[Listed records Boundary: Start]

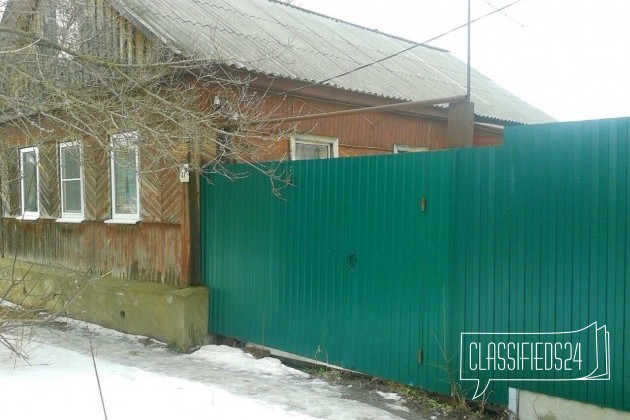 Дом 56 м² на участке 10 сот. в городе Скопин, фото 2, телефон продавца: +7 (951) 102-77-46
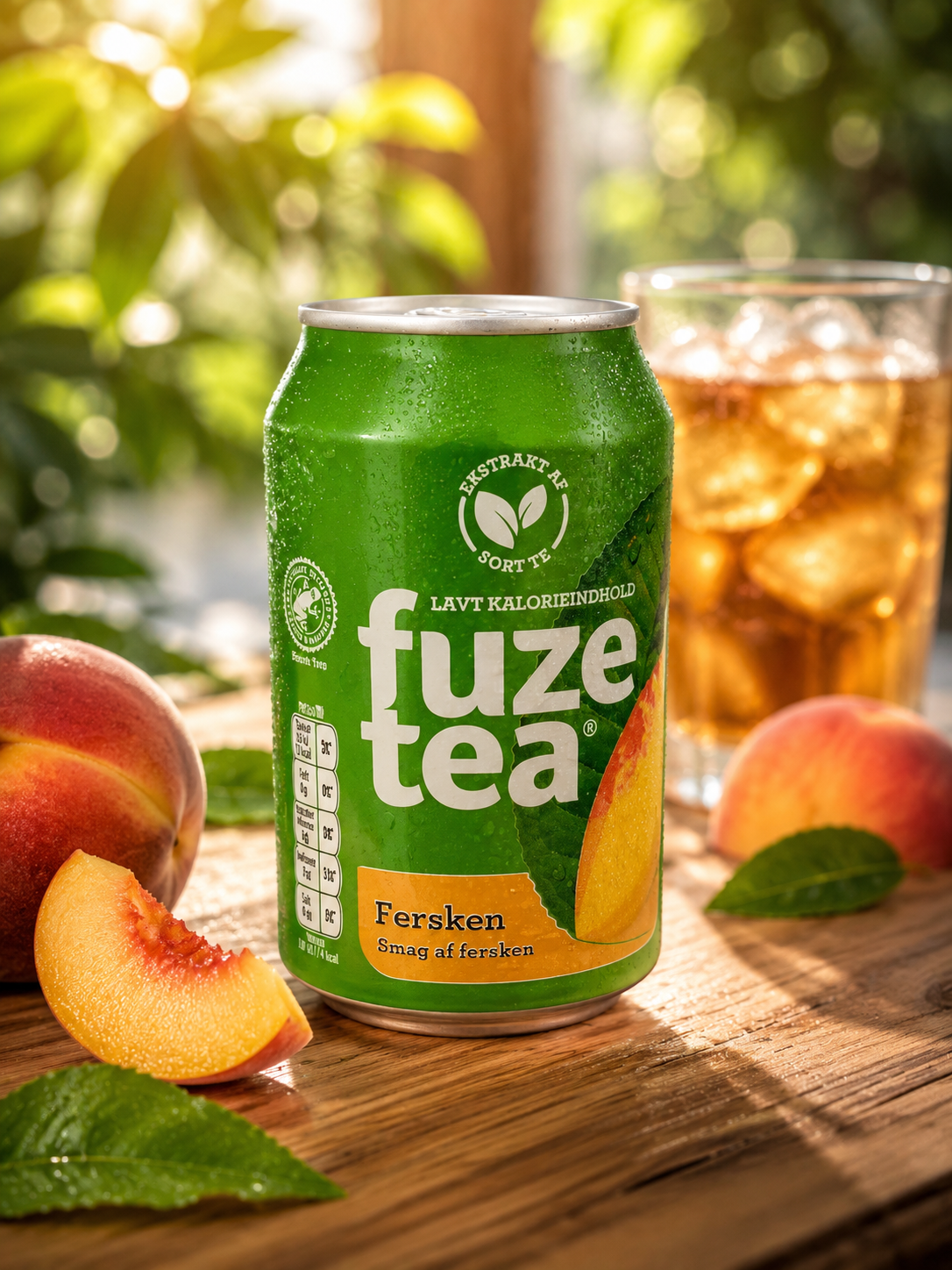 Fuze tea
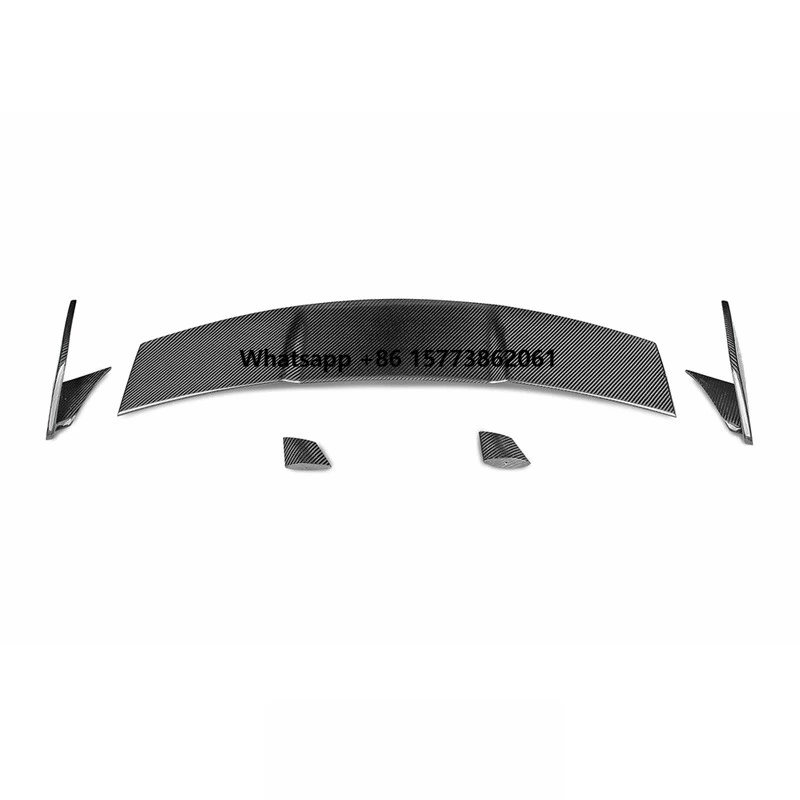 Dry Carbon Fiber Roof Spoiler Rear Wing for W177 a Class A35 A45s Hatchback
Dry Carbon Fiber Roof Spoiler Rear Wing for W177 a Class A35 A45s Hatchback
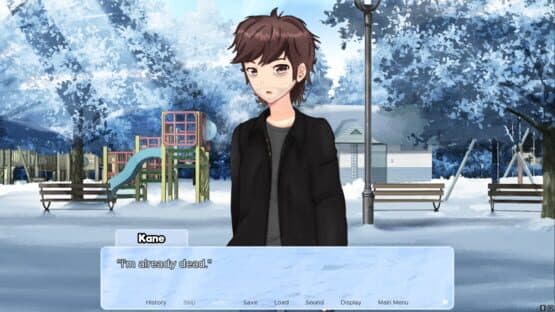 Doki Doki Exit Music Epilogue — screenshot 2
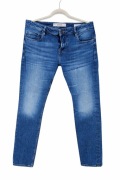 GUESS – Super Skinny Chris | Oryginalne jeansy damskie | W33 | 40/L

[Listed records Boundary: End]

[Directions for this task]
Exclude the pictures. Write out the remaining data exactly.

[Task solution]
 Дом 56 м² на участке 10 сот. в городе Скопин, фото 2, телефон продавца: +7 (951) 102-77-46
 Fuze tea
 Dry Carbon Fiber Roof Spoiler Rear Wing for W177 a Class A35 A45s Hatchback
Dry Carbon Fiber Roof Spoiler Rear Wing for W177 a Class A35 A45s Hatchback
 Doki Doki Exit Music Epilogue — screenshot 2
 GUESS – Super Skinny Chris | Oryginalne jeansy damskie | W33 | 40/L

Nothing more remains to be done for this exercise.